There’s a great scene in American Psycho—the book, not the film—where the antihero Patrick Bateman argues, above the throbbing music of a U2 concert no less, what precisely differentiates Emporio from plain Armani. The grays of Emporio, he says, are muted and so are the taupes and navys. “Definite winged lapels, subtle plaids, polka dots, and stripes are Armani. Not Emporio.”
That’s interesting because it taps into what Giorgio Armani was thinking about for this Emporio show: identity. He demarcated the opening and closing look with a fingerprint, kind of like the touch recognition icon on an iPhone. As that American Psycho passage testifies, Armani’s identity is one of the best-established in the fashion canon, albeit one of the subtlest. And the most important thing you can have in fashion right now is an identity. Amongst a surfeit of product, that’s what will encourage consumers to eschew other brands offering similar stuff, at similar price points, manufactured in the same factories, and choose you over them.
Giorgio Armani has an identity that has helped to shape our modern perception of menswear. It proves so potent that he’s spun out multiple iterations—his main line, Collezioni, Jeans, EA7, and Emporio, the oldest bar his eponymous label. This Emporio collection was looking to define the code and substance of the brand, which has changed somewhat since Patrick Bateman so vehemently defined it in the early ’90, but not all that much. There were still muted grays and navys, the latter more than the former; indeed, it dominated this show. As always, there was a plurality—Armani never demands his man go naked outside of the boardroom or gymnasium, instead proposing clothes for every facet of life. The sportswear was the flashiest, or at least as flashy as Armani ever gets, imprinted with those forensic fingertip markings or with facets of the Armani eagle logo, blown vastly out of proportion to render it almost abstract. Bags were embroidered with military patches, another means of identity.

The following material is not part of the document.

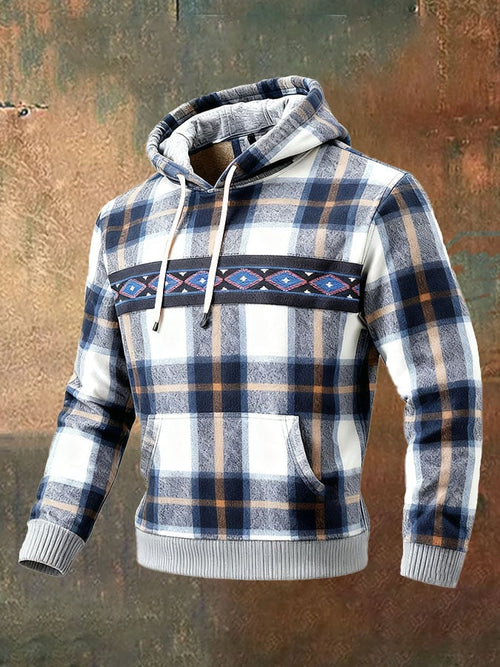 Men's Casual Retro Plaid Print Long Sleeve Hooded Sweatshirt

The collection was best when Armani considered what the Emporio identity should be right now, when he imbued his suiting with the lightness of sportswear, offering papery overcoats in his signature subtle beiges, simple sweaters, and the wide easy trousers so emblematic of his style, but that seem to be cropping up all over this season. You could imagine the lethally chic Bateman taking to them with aplomb.